Basically, which is better. I'm 30 and want to become a chef. school is expensive but from what I understand teaches the classical techniques(stocks, sauces, ect...). As for apprenticeship, I have heard that working under one chef you may only learn what interests them, and what their menu offers. How can one rest. menu under one chef teach me all that I need to know to become my own chef.


----------



## chef douglas (Feb 13, 2005)

As far as working under one chef and only learning what interests him, that is not necessarily true. Most chef's are more then happy to show you different things, like the difference between a Battonette and Brunoise cut. Present them with questions and have a willingness to learn, and keep an open mind. If you do go with the apprenticeship, go to a place that does a variety of things, a hotel is a good example, any decent hotel has at least 1 in house restaurant and will also, probably, do banquets. So you can see how working on a line goes and doing things to order, as compared to a banquet where its mass quantites in Hotel pans ready to go out. You will get out of the apprenticeship only as much as you put in so bare that in mind. 

With an appreticeship, be aware that money probably wont be that good as you are there to learn and dont become frustrated if you are prepping alot (peeling potatoes, washing greens, etc) A chef has a well rounded knowledge of everything in the kitchen and prepping is part of that. It can be tedious and boring but its part of the life, again keep an open mind about it.
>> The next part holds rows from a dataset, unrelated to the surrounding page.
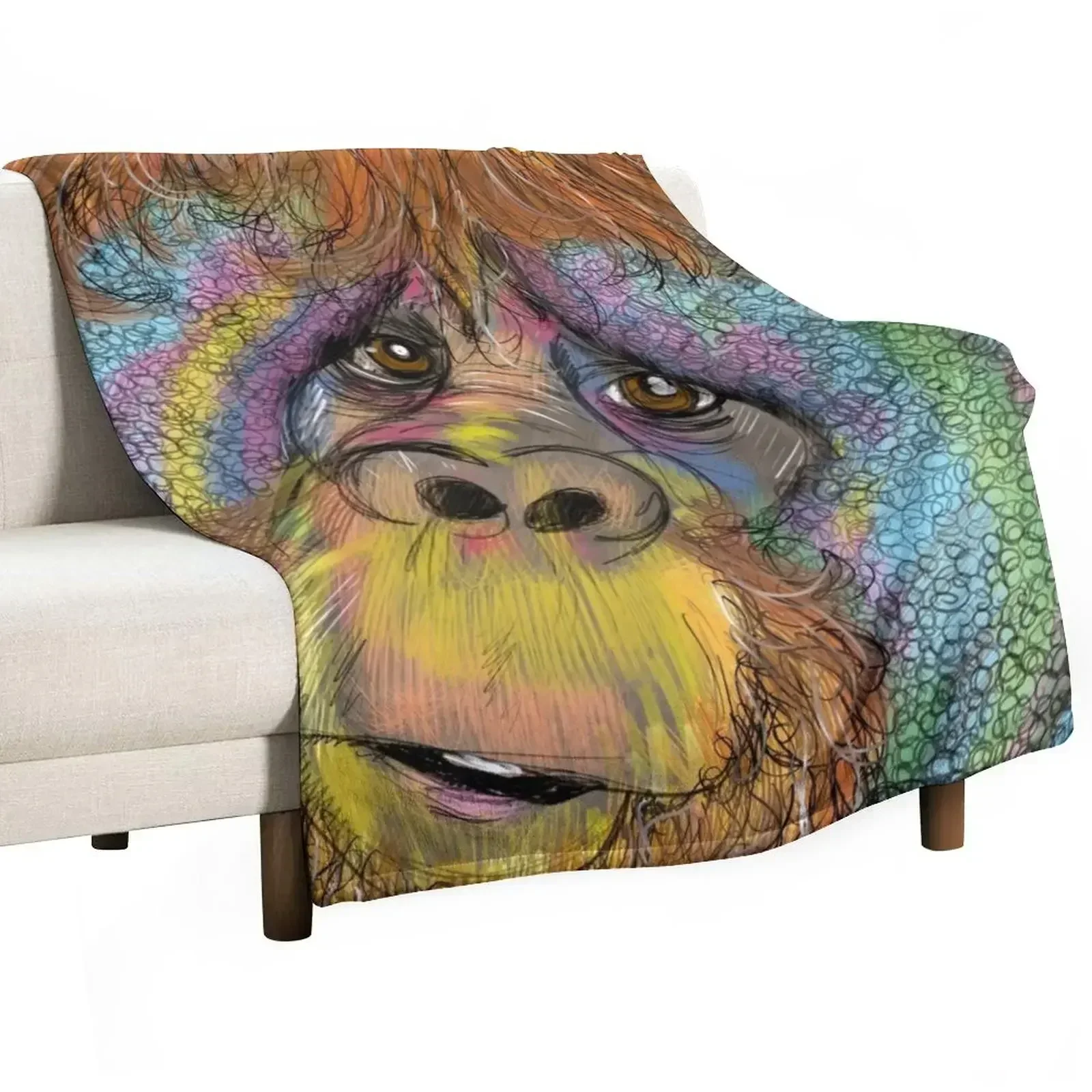 save the Orangutan Throw Blanket Stain Resistant Cozy Warm Blanket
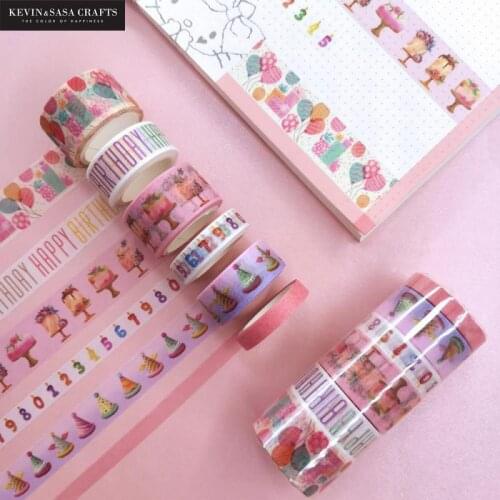 6pcs/set Washi Tape Set Birthday Party Decoration Material Masking Tape School Suppliers Stationery By Kevin&sasa Crafts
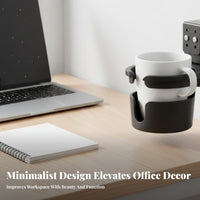 Desk Cup Holder Clamp Space Saving Clip on Desk Cup Holder Easy to Install Office Accessory for Students, Computer Users, Bedside, Chair Armrest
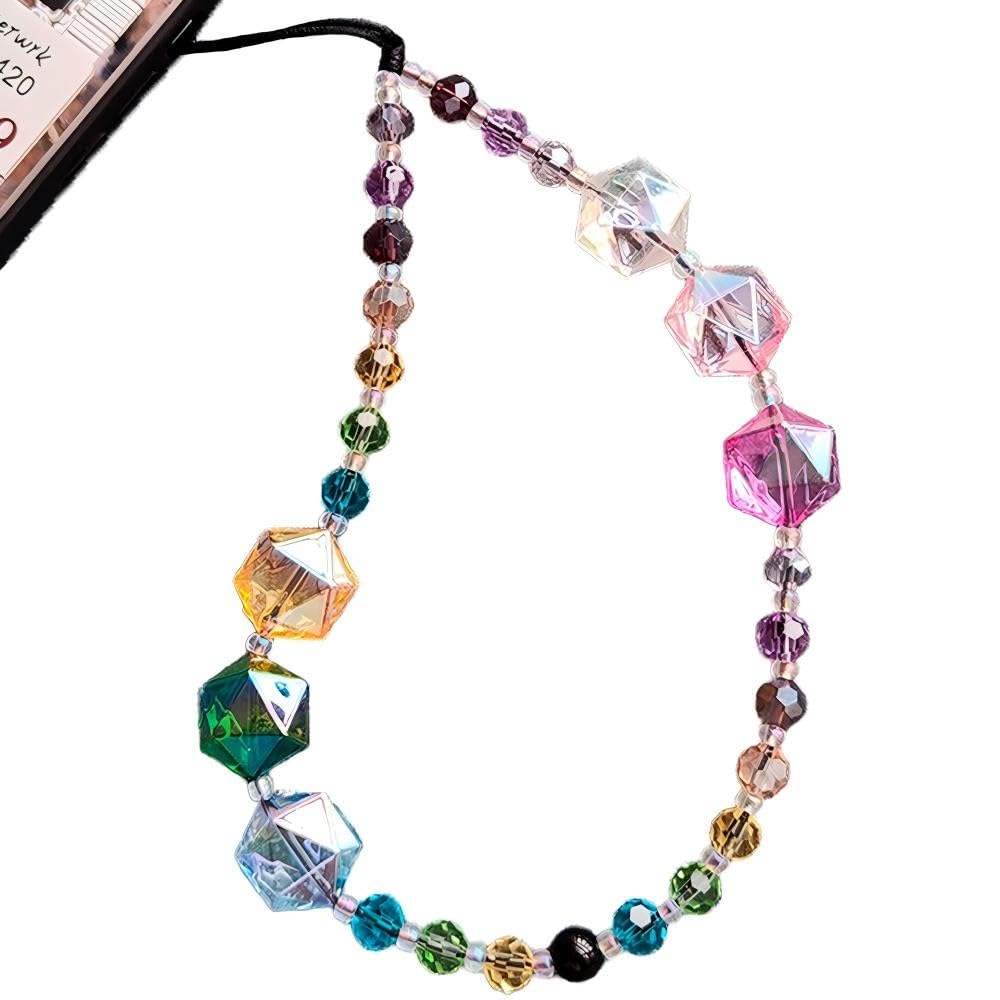 WCCH Beaded Phone Charm Y2K Kawaii Handmade Acrylic Phone Lanyard Wrist Strap for Camera Bag Airpods Keychain Charm Gold and White Pearls — view 12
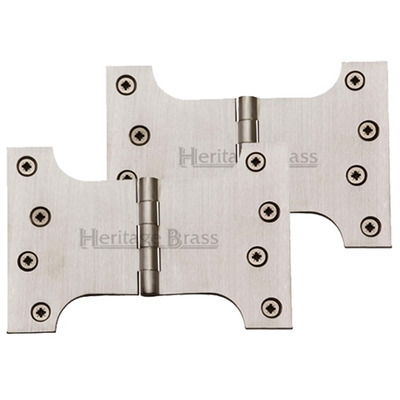 Heritage Brass 6 Inch Parliament Hinges, Satin Nickel - HG99-395-SN (sold in pairs) SATIN NICKEL - 4" x 4" x 6"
Also, dont go to just learn from the chef, learn from EVERYONE, even the dishwasher may rattle off something that proves to be useful down the line.

As far as school goes, I really have no input on this as I have learned from just chefs I have worked under, but books provide a wealth of information a few to consider are:

The Professional Chef by The Culinary Instutite of America
Jacques Pépin's Complete Techniques by Jacques Pépin
On Food and Cooking: The Science and Lore of the Kitchen by Harold McGee

All are excellent books, the Pro Chef is a good book for anyone new to the biz, has lots of recipies and methodology, Techniques is more well rounded in the Techniques we use (obviously) like knife cuts, folding linen, different presentations on fish, how to smoke fish, etc and On Food and Cooking is really an organic chemistry that focuses on food and how we cook it, what happens to it, etc.

There is my .02 hope it helps you.


----------



## chef horn (Mar 18, 2005)

I get this question a lot from students I mentor.

some stats:

With degree Exec Chef title = approx. 5-8 years AFTER Grad.

On the Job training Exec Chef Title = approx. 10-15 years from first employment.

Please realize that these are averages and not set in concrete. Some people may NEVER have what it takes to become a chef while others may fly up the ranks in 2 years and get a lucky break.

before deciding... do these 3 things first:

1) Read Kitchen Confidential

2) Work in the best restaurant you can get into for free as a prep cook/dishwasher for at least 3 shifts.

3) As yourself this, "Would I rather be cooking for 15 hours a day in a hot kitchen for $10/hr, on weekends and holidays, getting cut and burned more than anything else in the world" because it's THIS kind of passion you will need to have to be successful as a fine dining chef.


----------



## mikeb (Jun 29, 2004)

I definitely vote for apprenticeship. I'm doing an apprenticeship right now, and although the work is very tough (15 hour days, 50-70 hour weeks), I'm much better because of it. 

I've worked with culinary school grads, been their Chef de partie, and unfortunately I have a much lower respect for schools now... Most seem stuck in the delusion that upon graduation, they are chefs. Many can't do the simplest of tasks, are slow, have shady technique, but think they know everything... 

Of course, you need to work for a good chef to get the most out of an apprenticeship, and I'm lucky enough to have worked for a very good, incredibly strict french chef. The best part, I'm getting paid to learn, and getting a much better education at the same time...


----------